The news lately has been full of statistical concepts relating to the COVID-19 virus crisis. "Flattening the curve" has become a commonly used term. Critical decisions such as reopening businesses are being based upon testing results. Here's my take on these virus-related statistics based upon my nearly 20 years of teaching introductory-level statistics classes.
Statistics for small groups is pretty straight-forward: Test everyone and then calculate averages, make graphs, or do other summary statistics. This is called descriptive statistics. The simple goal is summarizing or describing what a group is like. An example might be a teacher summarizing the results of an exam by calculating a class average. This use of statistics is fairly simple to understand and interpret.
A more difficult situation occurs when we study small groups of people (samples) that are drawn from much larger groups of people (populations). This is called inferential statistics. We usually study samples of people because most populations are simply too large to study. For the virus situation, it would be impossible to simultaneously test 300+ million people in the United States at the same time.

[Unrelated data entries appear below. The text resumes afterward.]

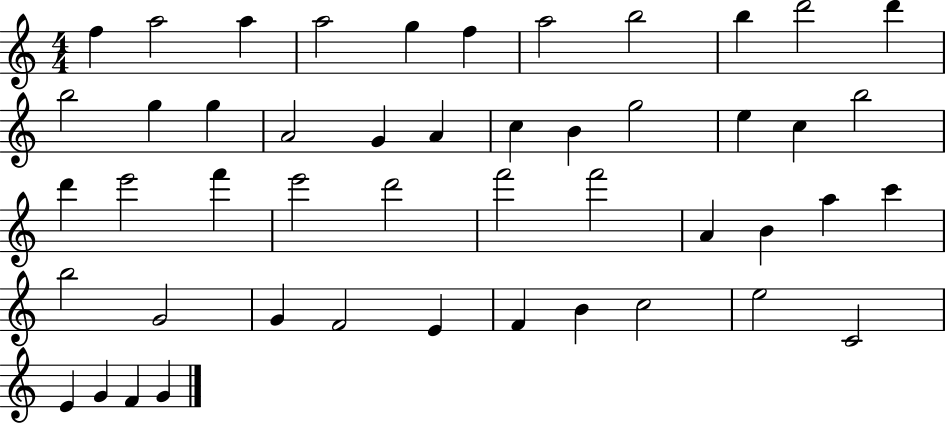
{
  \clef treble
  \numericTimeSignature
  \time 4/4
  \key c \major
  f''4 a''2 a''4 | a''2 g''4 f''4 | a''2 b''2 | b''4 d'''2 d'''4 | \break b''2 g''4 g''4 | a'2 g'4 a'4 | c''4 b'4 g''2 | e''4 c''4 b''2 | \break d'''4 e'''2 f'''4 | e'''2 d'''2 | f'''2 f'''2 | a'4 b'4 a''4 c'''4 | \break b''2 g'2 | g'4 f'2 e'4 | f'4 b'4 c''2 | e''2 c'2 | \break e'4 g'4 f'4 g'4 | \bar "|."
}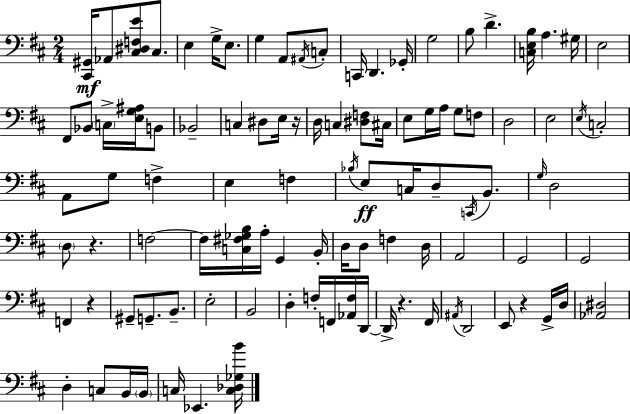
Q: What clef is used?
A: bass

The above diagram illustrates this inferential statistics process. The large population (left circle) represents everyone in our society who may or may not have the virus. This is too many people to test, so we must settle for testing smaller samples (right circle). The conclusions from this sample group are presumably true for the population.
Studying samples gets around the practical problem of studying millions of people. However, the risk is that the conclusions may be inaccurate. A crucial feature is that the sample must accurately represent the population, like a miniature version of the population. In the above diagram, the population has many colors to represent the variability of people in the population.
This second diagram represents a biased sample. It illustrates how a small sample might be quite different from the population that it was drawn from. The population has many colors, but the sample is only blue. Any conclusions made from this sample might be quite misleading because of the biased sample.
We are seeing some of these sampling limitations in the current COVID-19 virus crisis. The key question is how many people have been infected? The official numbers come from small samples due to the limited availability of testing kits. Only the sickest patients are being tested in many parts of the country. There is also the issue of false negatives: people who are disease carriers yet pass a virus test without showing signs of the disease.
Taken together, these issues suggest that the official numbers are underestimated. The true number of people who carry or die from the virus is likely higher than the official numbers. We don't really know for certain how many people have the virus in the population. It's a fuzzy picture of what's actually occurring. This statistical perspective is important to keep in mind when you see news stories about the number of people who have been infected.
Update: July 2, 2020
Several studies have been published since this blog post about the underestimation of cases. From Weinberger et al. (2020): "Official tallies of deaths due to COVID-19 underestimate the full increase in deaths associated with the pandemic in many states." The New York Times also has this nice summary of research from the CDC: "The number of coronavirus infections in many parts of the United States is more than 10 times higher than the reported rate, according to data released on Friday by the Centers for Disease Control and Prevention."